__INSTRUCTIONS TO FOLLOW__. Provide an exact copy of the data, excluding the images.

···

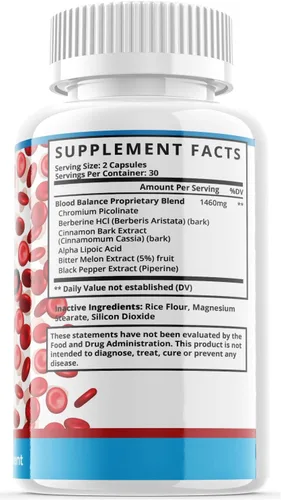 Vista 3 de #1 xp Natural Extra Strength No Formación de hábitos, apoya niveles saludables, fórmula de sangre premium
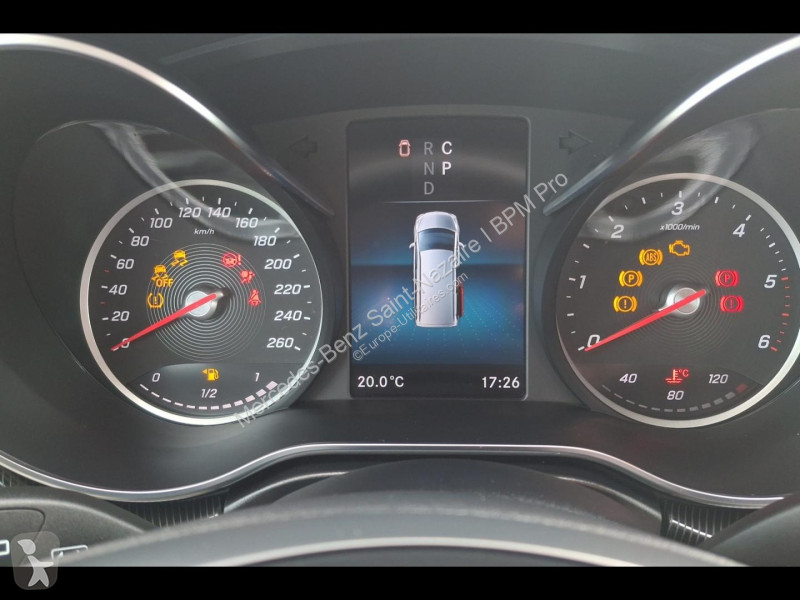 عربة نفعية Mercedes 220 d 163ch 9G-Tronic E6dM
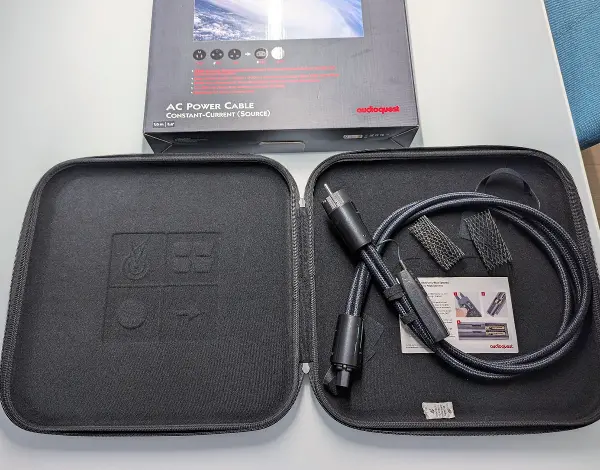AudioQuest Hurricane Source C13 1m wie neuOVP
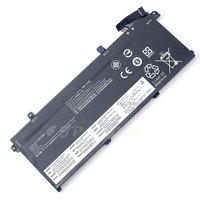 Baterai Laptop Li-ion Isi Ulang Berkualitas L18L3P72 untuk ThinkPad X390 X13 Yoga Gen1/Gen 1 TP00107A 11.52V 50WH Tersedia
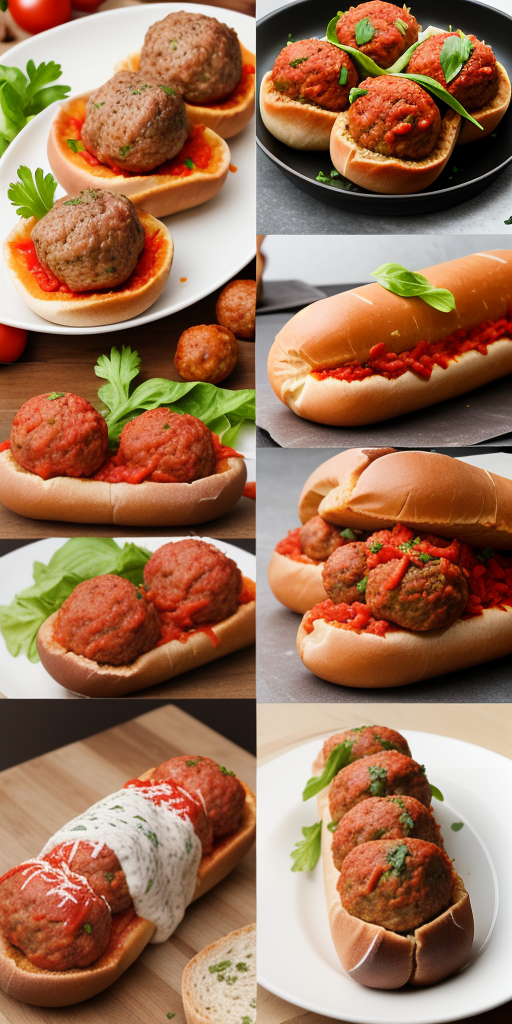 what to eat with meatball subs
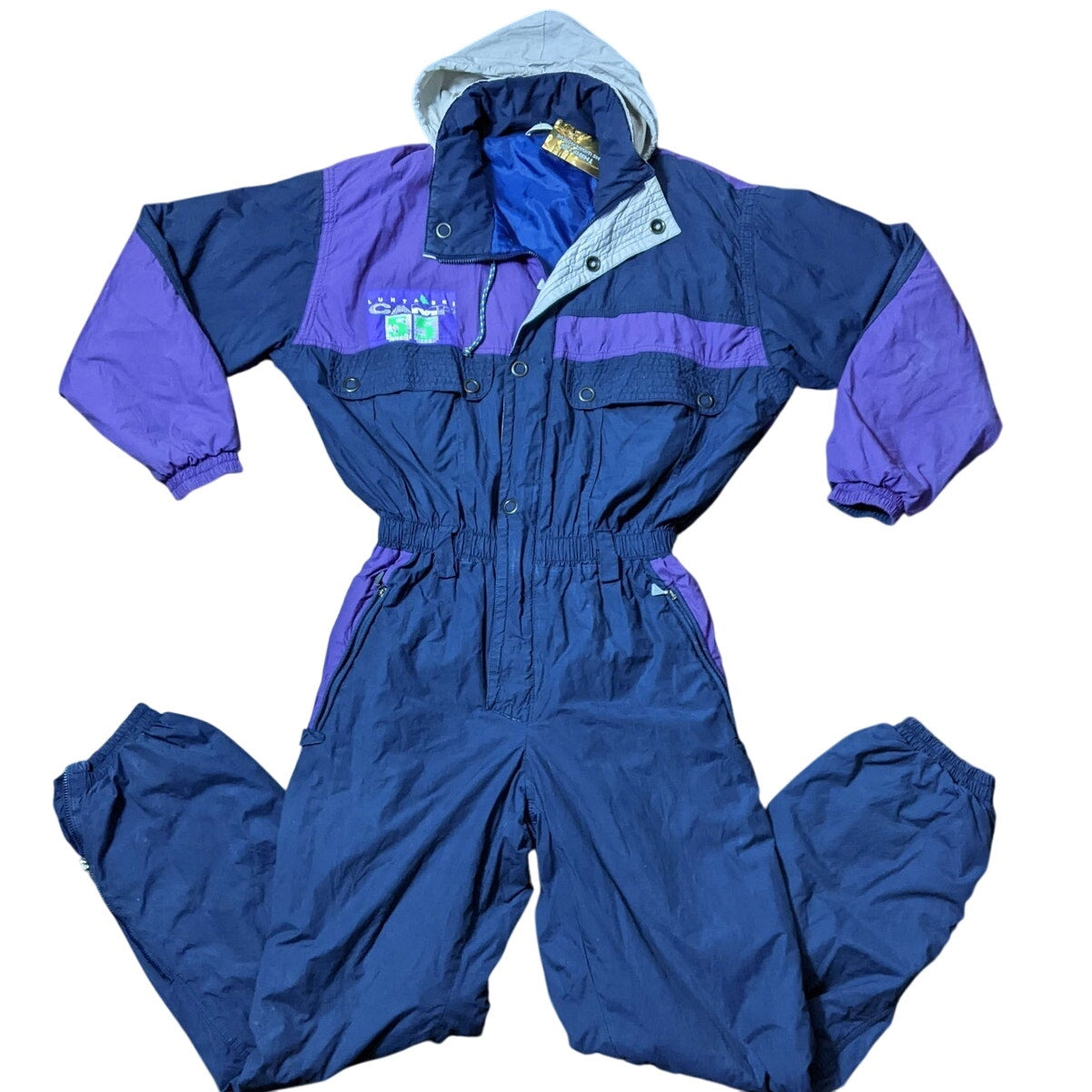 Navy Blue & Purple Luhta Ski Camp 55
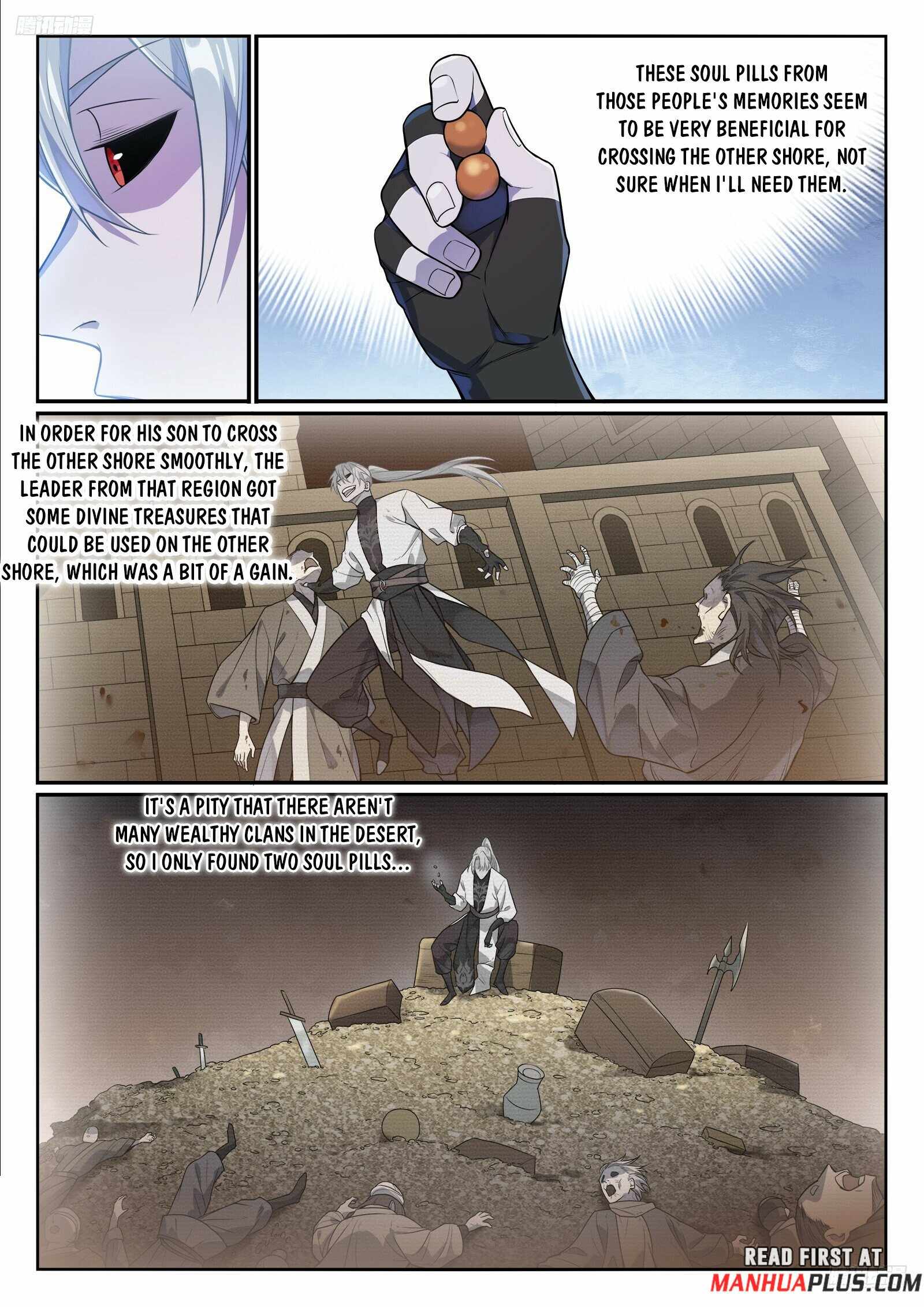 Apotheosis - chapter-1159 - Page 6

···

__RESPONSE__.
 Vista 3 de #1 xp Natural Extra Strength No Formación de hábitos, apoya niveles saludables, fórmula de sangre premium
 عربة نفعية Mercedes 220 d 163ch 9G-Tronic E6dM
AudioQuest Hurricane Source C13 1m wie neuOVP
 Baterai Laptop Li-ion Isi Ulang Berkualitas L18L3P72 untuk ThinkPad X390 X13 Yoga Gen1/Gen 1 TP00107A 11.52V 50WH Tersedia
 what to eat with meatball subs
 Navy Blue & Purple Luhta Ski Camp 55
 Apotheosis - chapter-1159 - Page 6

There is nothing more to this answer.